Me, I’m less certain. I’ve seen compelling treatments of the web—the chattering choruses and towering GChats of Two Boys remain my favorite—but I wonder if the experience of the Internet is too manifold and various to ever represent just one way on film. In some ways, texting is far easier to depict than the Internet. At the very least, it’s more visually interesting: You can get a short, concise text anywhere, but you tend to search or use the web sitting in a nondescript room.

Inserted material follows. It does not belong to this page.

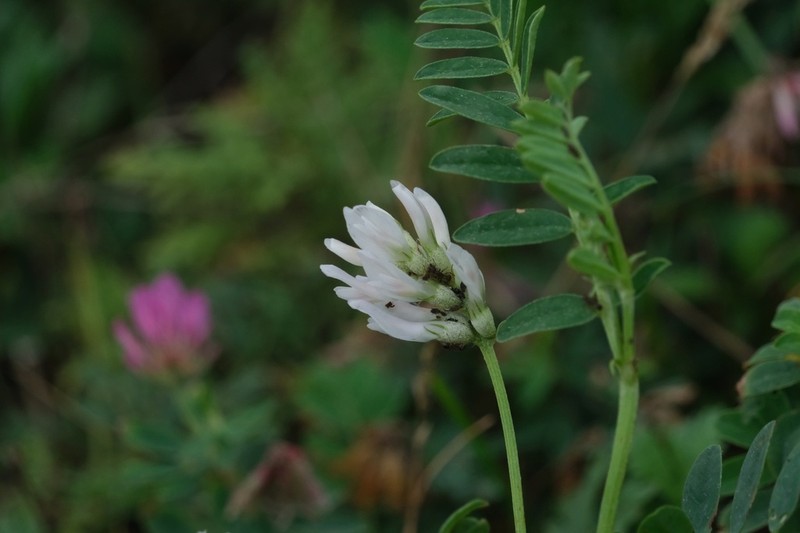 Astragalus marinus photo 3
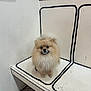 Latte is registered to the contest to win money with this photo: animal, bench, black_outlines, cute, dog, eyes, floor, fluffy, fur, indoor, minimalist, nose, pet, pomeranian, portrait, seat, sitting, small_dog, wall, white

But then again, mobile app usage overtook desktop usage earlier this year, and mobile browsing will soon follow. The experience of using the Internet is going to get much closer to the experience of texting. Perhaps, to represent the Internet in art, we had to first bring the Internet out of our rooms and into the world.
The rest of Zhou’s videos, by the way, are worth checking out. He’s entertaining and informative whether lauding the visual comedy of director Edgar Wright or dissecting “Bayhem,” the very odd and very copied visual style of Michael Bay.